At this stage, the Queen was very much head of what appeared to be a settled and stable society, one with relatively few challenges to her position or image. Her duties included opening Parliament and holding meetings of the Privy Council, awarding honours and decorations, and receiving visiting heads of state. Her private interests included a strong commitment to horse-racing, and she was also very fond of dogs.
There was much in common between the Queen and George III, notably a fundamental piety and, as a related factor, a strong sense of duty. Both liked country pursuits. Less happily, each had serious problems with their children and also oversaw the loss of an empire.
The 1960s brought challenges, not least the rapid loss of colonies, serious economic and fiscal problems, the development of Scottish and Welsh separatism, the outbreak of large-scale violence in Northern Ireland, and the decline of deference and turn to the new linked to ‘the Sixties,’ a change not restricted to that station. There was also, from 1964, the need to confront the possibilities for change represented by a majority Labour government. A Private Eye cover of that year with the Queen reading the Speech opening Parliament had her saying ‘… and I hope you realise I didn’t write this crap.’
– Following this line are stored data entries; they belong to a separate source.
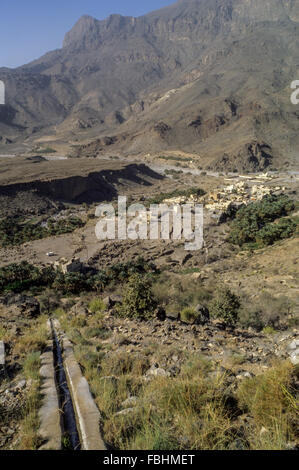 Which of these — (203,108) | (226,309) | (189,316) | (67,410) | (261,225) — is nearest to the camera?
(67,410)

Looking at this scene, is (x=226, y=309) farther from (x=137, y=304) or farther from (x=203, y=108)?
(x=203, y=108)

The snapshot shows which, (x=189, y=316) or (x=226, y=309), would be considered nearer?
(x=189, y=316)

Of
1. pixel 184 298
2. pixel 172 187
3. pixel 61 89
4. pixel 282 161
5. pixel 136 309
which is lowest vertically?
pixel 184 298

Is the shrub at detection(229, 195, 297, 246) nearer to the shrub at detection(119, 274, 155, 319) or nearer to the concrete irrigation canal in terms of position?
the shrub at detection(119, 274, 155, 319)

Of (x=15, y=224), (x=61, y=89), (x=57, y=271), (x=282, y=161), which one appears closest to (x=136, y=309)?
(x=57, y=271)

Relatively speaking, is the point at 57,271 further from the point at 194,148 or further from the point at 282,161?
the point at 194,148

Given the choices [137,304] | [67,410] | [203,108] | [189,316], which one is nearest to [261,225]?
[189,316]

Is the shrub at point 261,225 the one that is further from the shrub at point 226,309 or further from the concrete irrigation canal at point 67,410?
the concrete irrigation canal at point 67,410

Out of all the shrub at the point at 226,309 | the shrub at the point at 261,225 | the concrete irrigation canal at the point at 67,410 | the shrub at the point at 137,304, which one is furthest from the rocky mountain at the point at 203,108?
the concrete irrigation canal at the point at 67,410
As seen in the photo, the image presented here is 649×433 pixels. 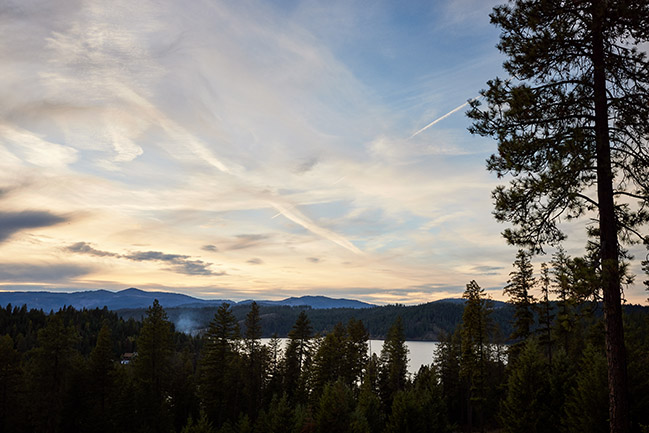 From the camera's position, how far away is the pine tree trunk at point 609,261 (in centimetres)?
981

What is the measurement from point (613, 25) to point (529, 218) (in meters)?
5.13

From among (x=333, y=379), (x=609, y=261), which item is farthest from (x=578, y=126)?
(x=333, y=379)

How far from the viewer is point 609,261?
31.6ft

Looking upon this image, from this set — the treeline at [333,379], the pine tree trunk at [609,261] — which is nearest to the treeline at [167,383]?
the treeline at [333,379]

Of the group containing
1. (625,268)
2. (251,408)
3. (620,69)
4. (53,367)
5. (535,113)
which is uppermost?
(620,69)

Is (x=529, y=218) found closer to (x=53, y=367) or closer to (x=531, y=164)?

There was the possibility of an ‘ultra’ reaction, with consideration of a military coup linked to Lord Louis Mountbatten, but the Queen would have nothing of such plans. Instead, she adapted and with Harold Wilson, Labour Prime Minister in 1964-70 and 1974-6, developed not only a good working relationship, but also a degree of mutual affection. This was satirised in the 1975 Private Eye cover of Wilson formally greeting the Queen at Victoria Station after a state visit to France, with the Queen saying ‘Harold, we can’t go on meeting like this.’
Her relations with Edward Heath and Margaret Thatcher, Conservative Prime Ministers in 1970-4 and 1979-90, were not so close. In particular, the Queen disapproved of Thatcher’s hostile stance toward the Commonwealth over its support for economic sanctions toward the apartheid regime in South Africa and was furious that she was not told in advance of the American invasion in 1983 of Grenada, a Commonwealth member. Nevertheless, the Queen attended Thatcher’s funeral, a marked sign of respect.
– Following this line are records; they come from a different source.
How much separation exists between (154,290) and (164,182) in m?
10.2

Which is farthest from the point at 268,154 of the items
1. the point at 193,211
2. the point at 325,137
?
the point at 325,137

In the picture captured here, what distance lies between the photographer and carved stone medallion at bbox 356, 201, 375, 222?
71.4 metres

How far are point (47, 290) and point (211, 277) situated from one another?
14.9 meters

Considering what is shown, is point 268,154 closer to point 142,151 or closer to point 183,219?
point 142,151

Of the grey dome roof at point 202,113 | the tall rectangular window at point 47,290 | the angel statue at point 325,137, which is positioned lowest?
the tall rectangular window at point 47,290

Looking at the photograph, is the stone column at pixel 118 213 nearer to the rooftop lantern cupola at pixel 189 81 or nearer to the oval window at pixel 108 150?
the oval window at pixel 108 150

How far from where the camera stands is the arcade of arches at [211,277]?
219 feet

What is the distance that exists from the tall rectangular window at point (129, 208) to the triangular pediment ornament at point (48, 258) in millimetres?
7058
The mood of the times combined with Wilson, encouraged attempts to make the royal family more accessible. The Royal Family documentary of 1969 exposed monarchy to the close domestic scrutiny of television. Indeed, thanks to television, the royals almost became members of viewers’ extended families, treated with the fascination commonly devoted to the stars of soap operas. The investiture of Charles, Prince of Wales in 1969, a measure taken in part to assuage Welsh expectations, was also part of the televised world. In turn, The Crown, a television drama series, was treated as if truthful.
With time, the Queen became an experienced and skilful adviser of successive Prime Ministers. She had political opinions, not least a belief in the Commonwealth, but was careful not to take a public political stand and to maintain constitutional conventions. In turn, politicians helped to preserve the monarchy’s neutrality. This was far from easy in the 1970s as the country moved toward chaos, not least in 1974 when the first election, held in February, left no party with a majority. Wilson was able to form a minority government, and then sought a second election to turn this into a majority. The Queen apparently insisted that this be delayed until October in order to lessen the sense of crisis.
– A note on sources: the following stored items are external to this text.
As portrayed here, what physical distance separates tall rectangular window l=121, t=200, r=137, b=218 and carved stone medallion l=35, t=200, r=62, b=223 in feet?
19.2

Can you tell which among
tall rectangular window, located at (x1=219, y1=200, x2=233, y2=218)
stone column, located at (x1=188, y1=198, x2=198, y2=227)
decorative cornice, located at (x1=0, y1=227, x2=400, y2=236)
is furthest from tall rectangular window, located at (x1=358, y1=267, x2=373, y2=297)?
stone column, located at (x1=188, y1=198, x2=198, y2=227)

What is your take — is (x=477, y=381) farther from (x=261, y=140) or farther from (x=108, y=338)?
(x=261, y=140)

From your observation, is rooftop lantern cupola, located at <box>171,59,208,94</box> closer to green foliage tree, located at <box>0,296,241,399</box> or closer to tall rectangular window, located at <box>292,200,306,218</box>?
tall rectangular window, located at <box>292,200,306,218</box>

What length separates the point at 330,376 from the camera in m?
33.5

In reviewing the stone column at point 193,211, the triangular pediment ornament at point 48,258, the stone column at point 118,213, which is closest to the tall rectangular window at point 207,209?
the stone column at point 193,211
Wilson won a small overall majority, but a malaise became readily apparent. The cover of Private Eye on January 10, 1975, captured this: ‘Britain Sold Shock. New Man at Palace’ alongside a picture of the Queen and oil-rich King Faisal of Saudi Arabia on a state visit. Faisal was more prominent in the photograph and saying ‘My Wives and I.’ Eighty-nine MPs voted against an increase in funding for the monarchy in 1975, while Willie Hamilton waged a long republican campaign in Parliament. As a very different instance of discontent, Marcus Serjeant, in 1981, fired six blank cartridges at the Queen as she rode down the Mall for the Trooping of the Colour royal salute, but she was unharmed and, showing considerable and characteristic presence of mind, able to calm her startled horse, Burmese.
Royal Garden Party: ‘The Queen slowly made her way along, preceded by a posse of buffers in slightly better-fitting morning dress than the majority of the guests, and made conversation with certain selected invitees – the statutory person in a wheel chair with bearded mentor etc. When you see the Queen in the flesh she is always smaller and more beautifully made up than one remembers.’ — July 16, 1981, Alan Clark Diary.
There was a consolidation of a type, however, from 1979, with referenda in Scotland and Wales leading to the maintenance of constitutional arrangements. Moreover, the election of Margaret Thatcher as Prime Minister in 1979, and her re-elections in 1983 and 1987, did not appear to be a change for radicalism. She was interested in reforming British governance, but did not extend this to changing the nature of monarchy. Thatcher’s innate conservatism was on display in this attitude, and the Queen rather than Thatcher was somewhat irritated by the nature of their working relationship.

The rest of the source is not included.